Le directeur général de la BBC va démissionner après le montage contesté d’un discours de Trump

Par XYyjQkQ2mA10 novembre 20254 min de lecture

Le directeur général de la BBC, Tim Davie, démissionné dimanche soir, suite aux critiques selon lesquelles l'émission Panorama aurait induit les téléspectateurs en erreur en éditant un discours de Donald Trump.

Le directeur général de la British Broadcasting Corporation (BBC) a démissionné après une polémique concernant le montage d'un discours prononcé par le président américain Donald Trump le jour de l'attaque de 2021 contre le Capitole des États-Unis. La démission conjointe, dimanche, de Tim Davie et de la directrice de l'information Deborah Turness a mis un terme à une semaine tumultueuse marquée par des accusations selon lesquelles la chaîne aurait modifié un discours prononcé par Trump le 6 janvier 2021 pour faire croire qu'il avait encouragé les émeutes qui ont suivi sa défaite à l'élection présidentielle de 2020. Davie a déclaré assumer « l’entière responsabilité » des erreurs commises, affirmant que sa démission de son poste à la tête du diffuseur public après cinq ans était « entièrement sa décision ». « J’ai beaucoup réfléchi aux exigences personnelles et professionnelles très intenses que représente l’exercice de cette fonction pendant de nombreuses années, en ces temps incertains, et au fait que je souhaite donner à mon successeur le temps de contribuer à l’élaboration des plans qu’il mettra en œuvre », a-t-il déclaré.
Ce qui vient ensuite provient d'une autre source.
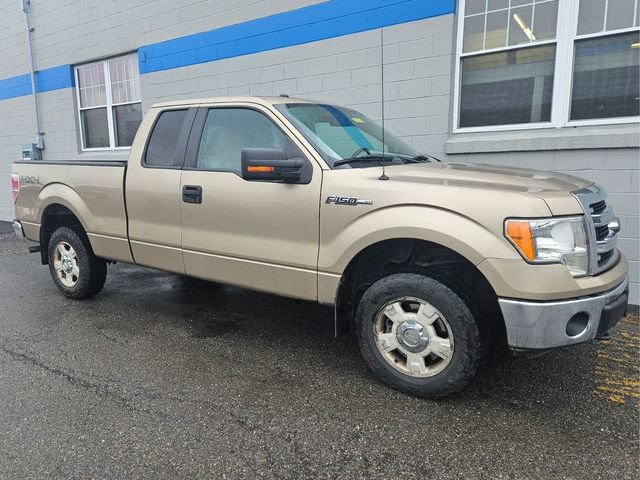 Used 2013 Champagne Ford XL image 3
Un documentaire de l'émission phare « Panorama », diffusé une semaine avant l'élection américaine de l'année dernière, a monté des extraits du discours de Trump prononcés à différents moments. Le montage donnait l'impression que Trump avait dit : « Nous allons marcher jusqu'au Capitole et je serai là avec vous, et nous allons nous battre. Nous allons nous battre comme des diables ».

Les critiques ont affirmé que ce rapport était trompeur car il omettait un passage où Trump déclarait vouloir que ses partisans manifestent pacifiquement. Turness a déclaré que la controverse autour du documentaire sur Trump « a atteint un stade où elle nuit à la BBC, une institution que j’aime ». « En tant que PDG de BBC News and Current Affairs, la responsabilité finale m’incombe », a-t-elle ajouté. Plus tôt dimanche, la ministre britannique de la Culture, des Médias et du Sport, Lisa Nandy, a qualifié ces allégations d’« extrêmement graves », affirmant qu’il existe un « biais systémique dans la manière dont les questions difficiles sont traitées à la BBC ». Depuis Londres, Rory Challands a fait remarquer que la BBC a toujours été dans une position difficile. « Elle est vilipendée par la droite, qui la perçoit comme un foyer de partialité libérale. Elle est vilipendée par la gauche, qui pense qu'elle se soumet au pouvoir en place et relaie la version officielle du gouvernement sur des sujets comme Gaza, en particulier, et qu'elle ne demande pas de comptes aux puissants, comme elle devrait le faire en tant que média. »

La polémique, attisée par les médias de droite britanniques, a traversé l'Atlantique lorsque la porte-parole de Trump, Karoline Leavitt, a qualifié la BBC de « fausses informations à 100 % » et de « machine de propagande » vendredi. L'affaire a éclaté mardi lorsque le Daily Telegraph a cité une note rédigée par Michael Prescott, ancien membre du comité des normes éditoriales de la BBC, qui soulevait des inquiétudes quant au montage concernant Trump, et critiquait également un prétendu parti pris anti-israélien au sein du service arabe de la BBC. Samedi, le journal a rapporté que la députée de droite Priti Patel, du Parti conservateur, avait exigé que le ministère britannique des Affaires étrangères revoie son financement de BBC Arabic par le biais de sa subvention au BBC World Service, alléguant un « parti pris pro-Hamas et anti-Israël ». La chaîne a également été accusée de traiter Israël de manière favorable dans ses reportages sur la guerre à Gaza, ce qui lui a valu des critiques de la part de son propre personnel. La démission de Davie a été saluée par Nigel Farage, chef du parti populiste d'extrême droite Reform UK, qui connaît une forte progression dans les sondages. « C’est la dernière chance de la BBC. Si elle ne gère pas correctement cette situation, un grand nombre de personnes refuseront de payer la redevance », a déclaré Farage sur X.